Cheng Tiejun, Li Xun, Li Yan, Liu Zhihai, Wang Renxiao
State Key Laboratory of Bioorganic Chemistry, Shanghai Institute of Organic Chemistry, Chinese Academy of Sciences, Shanghai, P. R. China.
J Chem Inf Model. 2009 Apr;49(4):1079-93. doi: 10.1021/ci9000053.

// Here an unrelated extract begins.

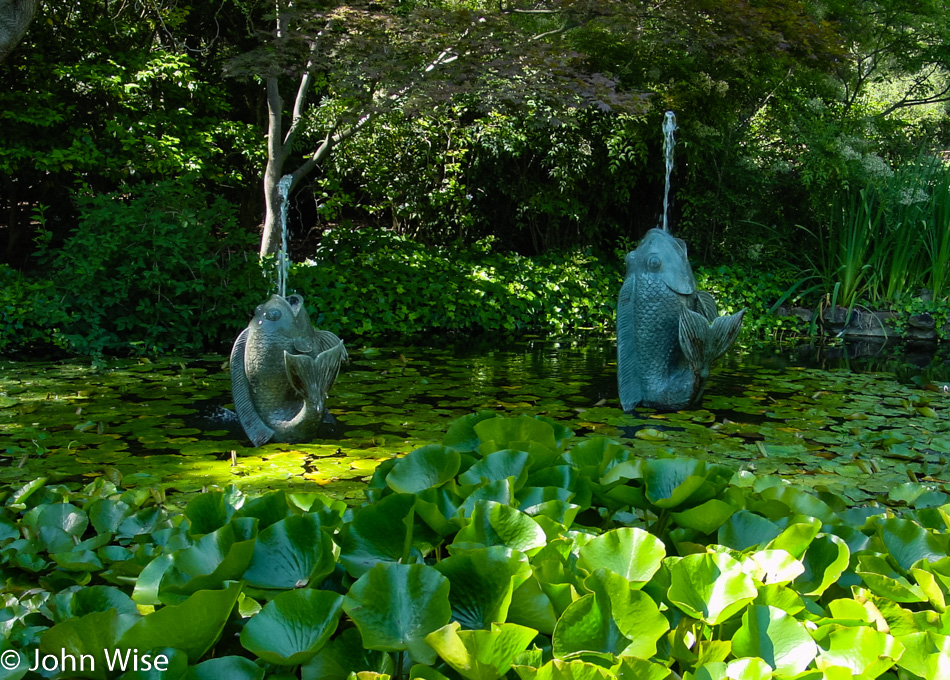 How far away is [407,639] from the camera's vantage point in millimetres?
1015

Scoring functions are widely applied to the evaluation of protein-ligand binding in structure-based drug design. We have conducted a comparative assessment of 16 popular scoring functions implemented in main-stream commercial software or released by academic research groups. A set of 195 diverse protein-ligand complexes with high-resolution crystal structures and reliable binding constants were selected through a systematic nonredundant sampling of the PDBbind database and used as the primary test set in our study. All scoring functions were evaluated in three aspects, that is, "docking power", "ranking power", and "scoring power", and all evaluations were independent from the context of molecular docking or virtual screening. As for "docking power", six scoring functions, including GOLD::ASP, DS::PLP1, DrugScore(PDB), GlideScore-SP, DS::LigScore, and GOLD::ChemScore, achieved success rates over 70% when the acceptance cutoff was root-mean-square deviation < 2.0 A. Combining these scoring functions into consensus scoring schemes improved the success rates to 80% or even higher. As for "ranking power" and "scoring power", the top four scoring functions on the primary test set were X-Score, DrugScore(CSD), DS::PLP, and SYBYL::ChemScore. They were able to correctly rank the protein-ligand complexes containing the same type of protein with success rates around 50%. Correlation coefficients between the experimental binding constants and the binding scores computed by these scoring functions ranged from 0.545 to 0.644. Besides the primary test set, each scoring function was also tested on four additional test sets, each consisting of a certain number of protein-ligand complexes containing one particular type of protein. Our study serves as an updated benchmark for evaluating the general performance of today's scoring functions. Our results indicate that no single scoring function consistently outperforms others in all three aspects. Thus, it is important in practice to choose the appropriate scoring functions for different purposes.
评分函数在基于结构的药物设计中被广泛应用于蛋白质-配体结合的评估。我们对主流商业软件中实现的或学术研究小组发布的16种常用评分函数进行了比较评估。通过对PDBbind数据库进行系统的非冗余采样,选择了一组195个具有高分辨率晶体结构和可靠结合常数的不同蛋白质-配体复合物,并将其用作我们研究中的主要测试集。所有评分函数都从三个方面进行了评估,即“对接能力”、“排序能力”和“评分能力”,所有评估均独立于分子对接或虚拟筛选的背景。对于“对接能力”,当接受阈值为均方根偏差<2.0 Å时,包括GOLD::ASP、DS::PLP1、DrugScore(PDB)、GlideScore-SP、DS::LigScore和GOLD::ChemScore在内的六种评分函数的成功率超过70%。将这些评分函数组合成共识评分方案可将成功率提高到80%甚至更高。对于“排序能力”和“评分能力”,主要测试集上排名前四的评分函数是X-Score、DrugScore(CSD)、DS::PLP和SYBYL::ChemScore。它们能够以约50%的成功率正确地对包含相同类型蛋白质的蛋白质-配体复合物进行排序。这些评分函数计算的实验结合常数与结合分数之间的相关系数在0.545至0.644之间。除了主要测试集之外,每个评分函数还在另外四个测试集上进行了测试,每个测试集由一定数量的包含一种特定类型蛋白质的蛋白质-配体复合物组成。我们的研究为评估当今评分函数的一般性能提供了一个更新的基准。我们的结果表明,没有一个单一的评分函数在所有三个方面都始终优于其他函数。因此,在实践中为不同目的选择合适的评分函数很重要。